Dodonaea pinifolia is a species of plant in the family Sapindaceae and is endemic to the south-west of Western Australia. It is a spreading, usually dioecious shrub with simple, sessile, usually linear leaves, flowers singly or in groups of two or three, the flowers usually with four sepals and eight stamens, and capsules with horn-like or lobe-like appendages.

==Description ==
Dodonaea pinifolia is a spreading, usually dioecious shrub that typically grows to a height of up to 1 m. Its leaves are simple, sessile usually linear, 8–35 mm long, 10–30 mm wide and usually glabrous. The flowers are arranged singly or in groups of two or three, each flower on a pedicel 1–4 mm long, with four egg-shaped or lance-shaped sepals, 2–3.5 mm long but that fall off as the flowers develop, and eight stamens. The ovary is hairy and the fruit is usually a four-angled capsule, 4.5–11.5 mm long and 5–11.5 mm wide including horn-like or lobe-like appendages 0.5–8 mm wide at the tip of the capsule.

==Taxonomy==
Dodonaea pinifolia was first formally described in 1845 by Friedrich Miquel in Lehmann's Plantae Preissianae. The specific epithet (pinifolia) means 'pine-leaved'.

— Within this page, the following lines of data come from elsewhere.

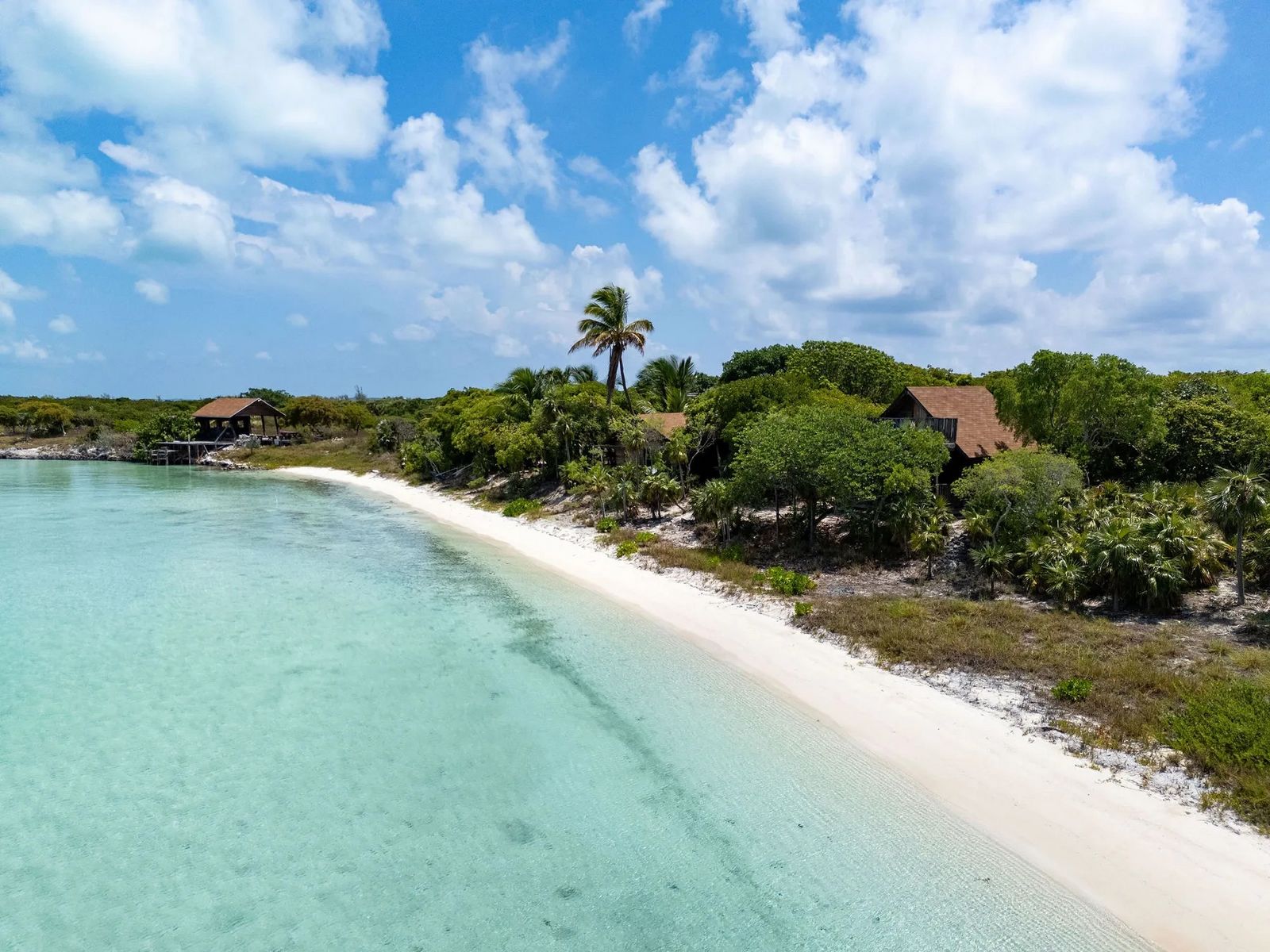 Weißer Sandstrand mit türkisblauem Wasser und grünen Bäumen entlang der Küste. 25278BE5-A735-4164-94B5-0D838DBCD9D1.jpeg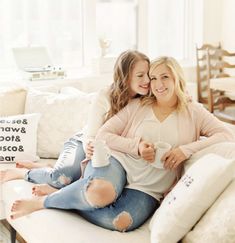 two women sitting on a couch hugging each other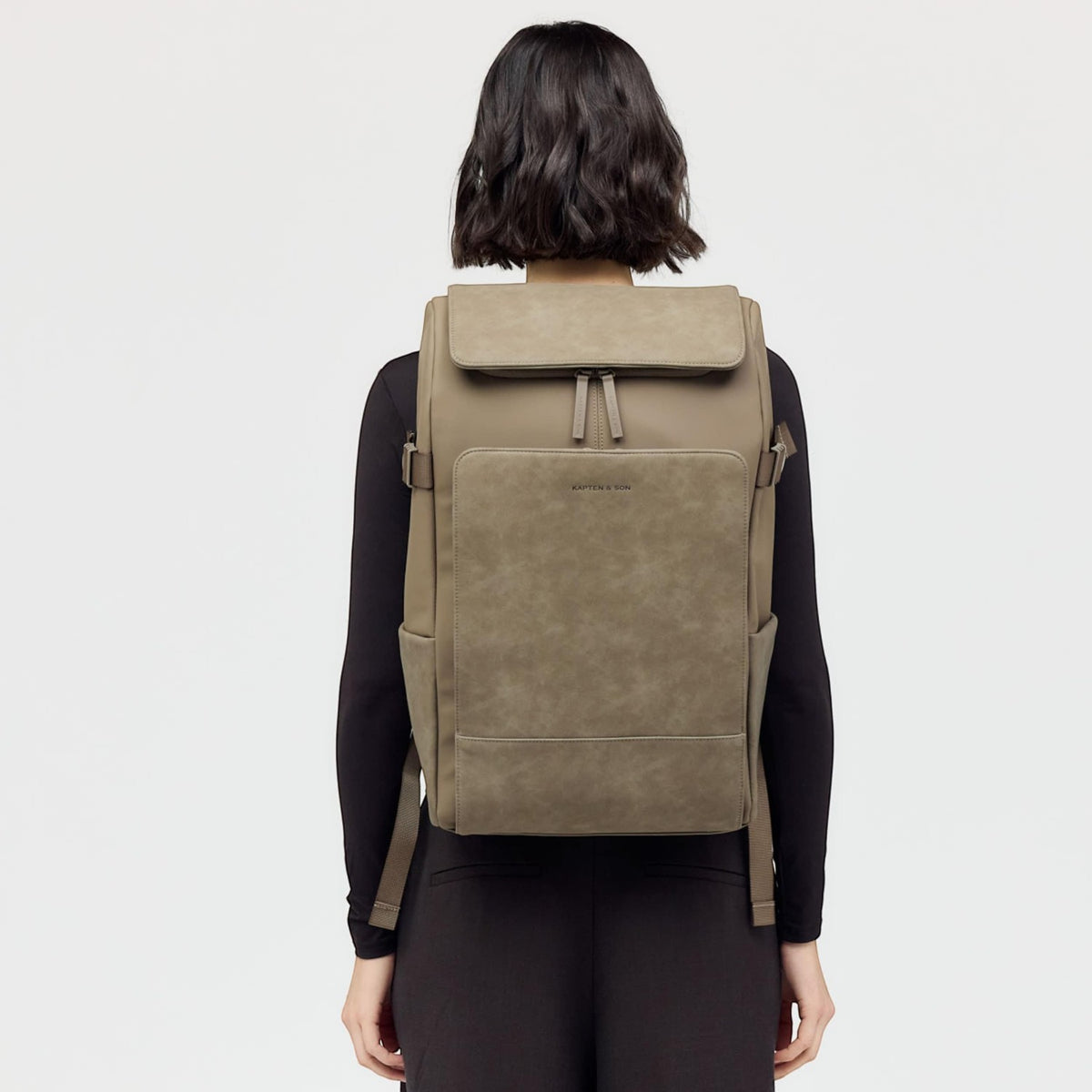Lieblingstasche Bali Pro taupe faux leather backpack with flap closure and front pocket, worn by a model.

==Distribution and habitat==
This species of Dodonaea grows on hills and on granite and sandstone outcrops in the Avon Wheatbelt, Coolgardie, Esperance Plains, Geraldton Sandplains, Jarrah Forest, Mallee, Murchison, Swan Coastal Plain bioregions of south-western Western Australia.

==Conservation status==
Dodonaea pinifolia is listed as "not threatened" by the Government of Western Australia Department of Biodiversity, Conservation and Attractions.